A medida faz com que a empresa contratante seja “subsidiariamente responsável pelas obrigações trabalhistas referentes ao período em que ocorrer o trabalho temporário e em relação ao recolhimento das contribuições previdenciárias”, diz o texto.
Projeto de 1998
Originalmente, o projeto foi encaminhado à Câmara em 1998 pelo ex-presidente Fernando Henrique Cardoso e aprovado no Senado em 2002. Deputados contrários ao projeto criticaram a votação da proposta 15 anos depois e chegaram a defender a apreciação de outro texto, em tramitação no Senado, que trata do tema.

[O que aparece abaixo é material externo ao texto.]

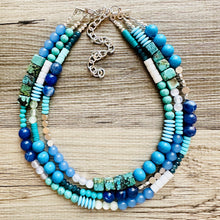Load image into Gallery viewer, Tributaries Statement Necklace, chunky bib beaded jewelry, Turquoise blue aqua necklace, beaded glass jewelry navy blue teal chambray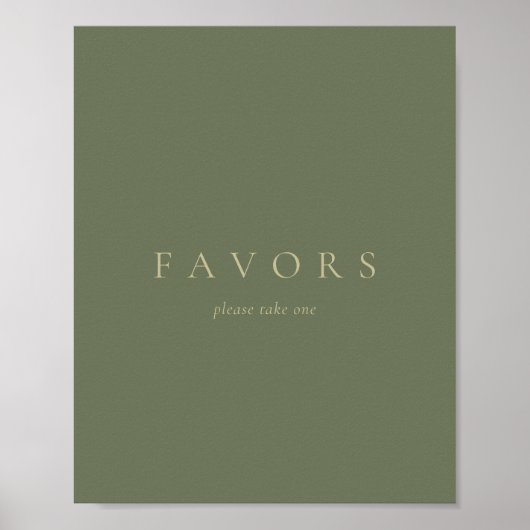 Aangepaste tekst gunst Simple Goud Salie Groen Poster (Voorkant)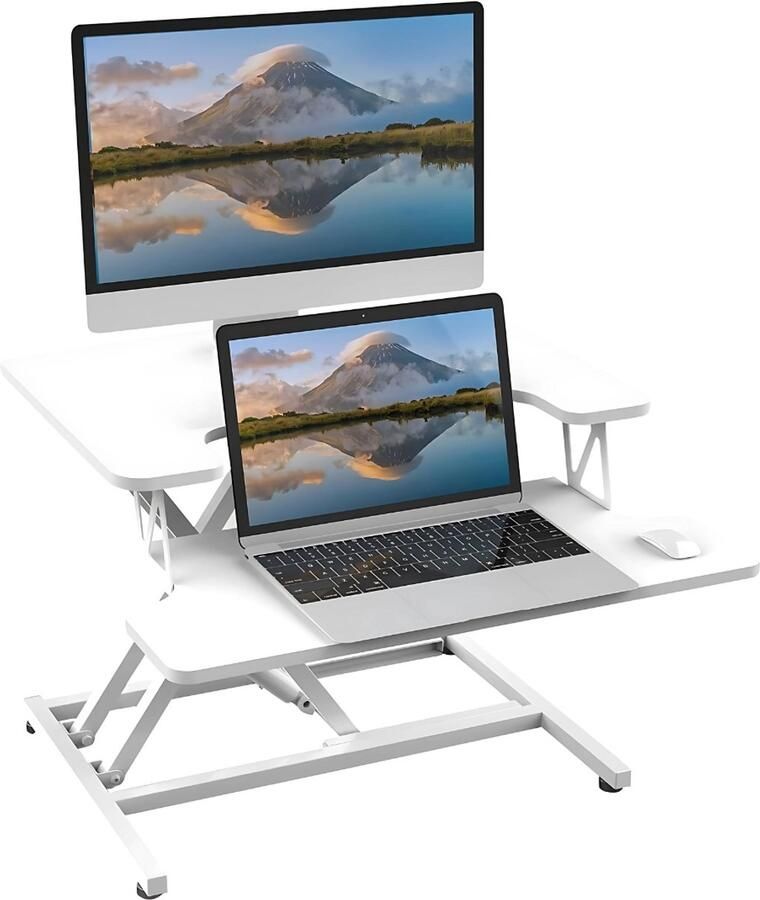 Livista Sit-Stand Desk Gas-Spring Laptoptafel Zit Sta Bureau Computertafel Zit Sta Verhoger Bureautafel Groot Scherm en Toetsenbord Blad Ruimte voor 2 Schermen Nieuw Model Wit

“Já votamos essa matéria aqui e aprovamos uma matéria que foi para o Senado e que é muito diferente desse projeto que está na pauta aqui hoje. Essa matéria não passou pelo debate dessa legislatura e seguramente representa um duro ataque aos direitos dos trabalhadores”, disse a deputada Jandira Feghali (PCdoB-RJ).
Manifestação contrária
A Associação Nacional dos Magistrados da Justiça do Trabalho (Anamatra), entidade que representa cerca de 4 mil juízes do Trabalho, Divulgou nota manifestando-se sobre a aprovação:
1 – A proposta, induvidosamente, acarretará para milhões de trabalhadores no Brasil o rebaixamento de salários e de suas condições de trabalho, instituindo como regra a precarização nas relações laborais.

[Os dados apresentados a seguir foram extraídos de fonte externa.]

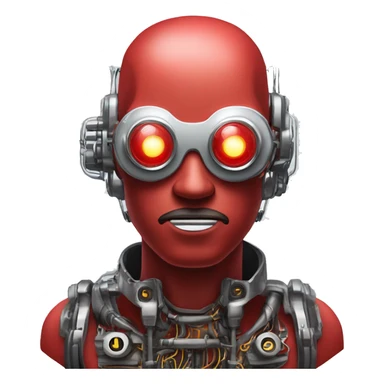 Red round male cyborg head with silver goggles, silver goatee and circuits sticker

2 – O projeto agrava o quadro em que hoje se encontram aproximadamente 12 milhões de trabalhadores terceirizados, contra 35 milhões de contratados diretamente, números que podem ser invertidos com a aprovação do texto hoje apreciado.
3 – Não se pode deixar de lembrar a elevada taxa de rotatividade que acomete os profissionais terceirizados, que trabalham em média 3 horas a mais que os empregados diretos, além de ficarem em média 2,7 anos no emprego intermediado, enquanto os contratados permanentes ficam em seus postos de trabalho, em média, por 5,8 anos.

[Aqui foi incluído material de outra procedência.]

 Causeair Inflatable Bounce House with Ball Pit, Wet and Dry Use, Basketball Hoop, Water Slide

4 – O já elevado número de acidentes de trabalho no Brasil (de dez acidentes, oito acontecem com empregados terceirizados) tende a ser agravado ainda mais, gerando prejuízos para esses trabalhadores, para a Sistema Único de Saúde e para Previdência Social que, além do mais, sofrerá impactos negativos até mesmo pela redução global de recolhimentos mensais, fruto de um projeto completamente incoerente e que só gera proveito para o poder econômico.
5 - A aprovação da proposta, induvidosamente, colide com os compromissos de proteção à cidadania, à dignidade da pessoa humana e aos valores sociais do trabalho previstos no artº 1º da Constituição Federal que, também em seu artigo 2º, estabelece como objetivos fundamentais da República construir uma sociedade livre, justa e solidária, bem como erradicar a pobreza, a marginalização e reduzir as desigualdades sociais e regionais.
6 – A Anamatra lamenta a aprovação do PL nº 4302/98, firme na certeza de que não se trata de matéria de interesse do povo brasileiro e de que a medida contribuirá apenas para o empobrecimento da nação e de seus trabalhadores.
7 – Desse modo, conclama o Excelentíssimo Senhor Presidente da República, Dr. Michel Temer, a vetar o projeto, única hipótese de afirmar os princípios constitucionais que asseguram dignidade e a cidadania aos trabalhadores.